A confined space is any space that is large enough for an employee to enter, has a restricted means of entry or exit and is not designed for continuous employee occupancy.
A “Permit-required confined space (permit space)” means a confined space that has one or more of the following characteristics:
- Contains, or has potential to contain, a hazardous atmosphere
- Contains a material that has the potential for engulfing an entrant
- Has an internal configuration such that an entrant could be trapped or asphyxiated by inwardly converging walls or by a floor which slopes downward and tapers to a smaller cross-section
- Contains any other recognized serious safety or health hazard
All of these criteria must be met for a space to be classified as confined space or permit-required confined space. Examples of confined spaces include tanks, pits, certain tunnels, utility vaults and boilers. The physical and atmospheric hazards often associated with confined spaces can cause serious injury or death to workers.
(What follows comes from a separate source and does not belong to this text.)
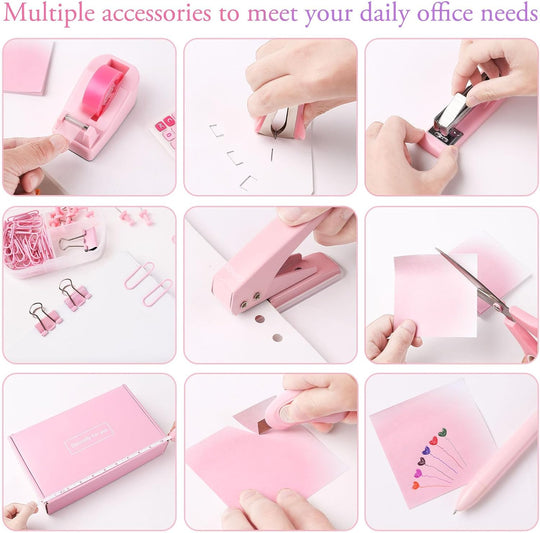 Desk Accessory Kit Cute Office Supplies Set Desktop Stapler Set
The major factors that lead to injuries in confined spaces include failure to recognize and control these hazards, and inadequate or incorrect emergency response.
Scope and Application
The Occupational Safety and Health Administration (OSHA) requirements apply to most activities that require entry into a confined space.
Examples of specific activities include:
- maintenance, and cleaning of boilers.
- cutting or welding in confined spaces.
- telecommunications and electrical utility work performed in manholes and unvented vaults.
- work in excavations or trenches that could develop hazardous atmospheres.
- work in sewers, manholes, pits and traps.